James Sinnett-Smith, Chintda Santiskulvong, Javier Duque, and Enrique Rozengurt^§

From the Department of Medicine, School of Medicine and Molecular Biology Institute, UCLA, Los Angeles, California 90095-1786

Substance P (SP) analogues including [D-Arg¹,D-Trp^5,7,9,Leu¹¹]SP are broad spectrum neuropeptide antagonists and potential anticancer agents, but their mechanism of action is not fully understood.
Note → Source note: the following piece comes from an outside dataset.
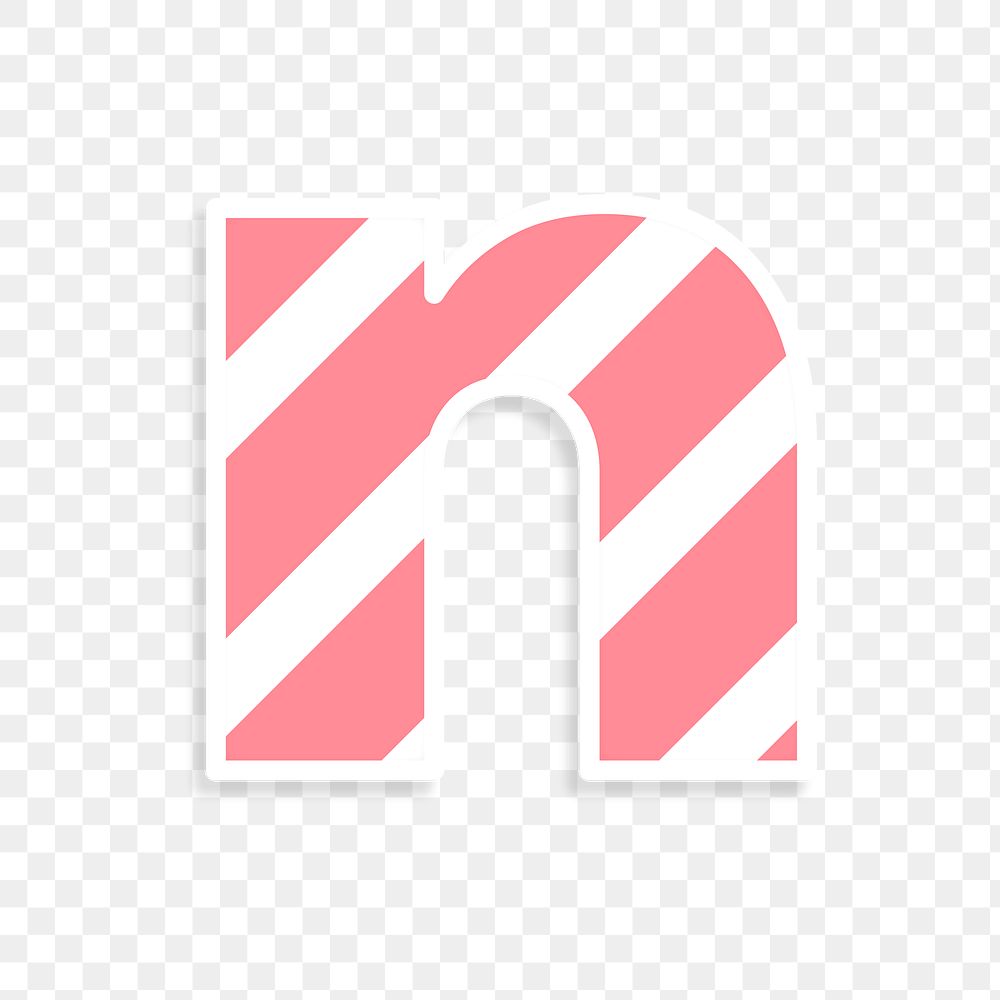 Png letter n striped font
Here, we examined the mechanism of action of [D-Arg¹,D-Trp^5,7,9,Leu¹¹]SP as an inhibitor of G protein-coupled receptor (GPCR)-mediated signal transduction and cellular DNA synthesis in Swiss 3T3 cells. Addition of [D-Arg¹,D-Trp^5,7,9,Leu¹¹]SP, at 10 µM, caused a striking rightward shift in the dose-response curves of DNA synthesis induced by bombesin, bradykinin, or vasopressin and markedly inhibited the activation of p42^mapk (ERK-2) and p44^mapk (ERK-1) induced by these GPCR agonists. In addition, this SP analogue also prevented the protein kinase C-dependent activation of protein kinase D induced by these agonists. [D-Arg¹,D-Trp^5,7,9,Leu¹¹]SP, at a concentration (10 µM) that inhibited these G_q-mediated events, also prevented GPCR agonist-induced responses mediated through the G proteins of the G₁₂ subfamily. These include bombesin-induced assembly of focal adhesions, formation of parallel arrays of actin stress fibers, increase in the tyrosine phosphorylation of focal adhesion kinase (FAK), p130^Cas, and paxillin, and formation of a complex between FAK and Src. We conclude that [D-Arg¹,D-Trp^5,7,9,Leu¹¹]SP acts as a mitogenic antagonist of neuropeptide GPCRs blocking signal transduction via both G_q and G₁₂.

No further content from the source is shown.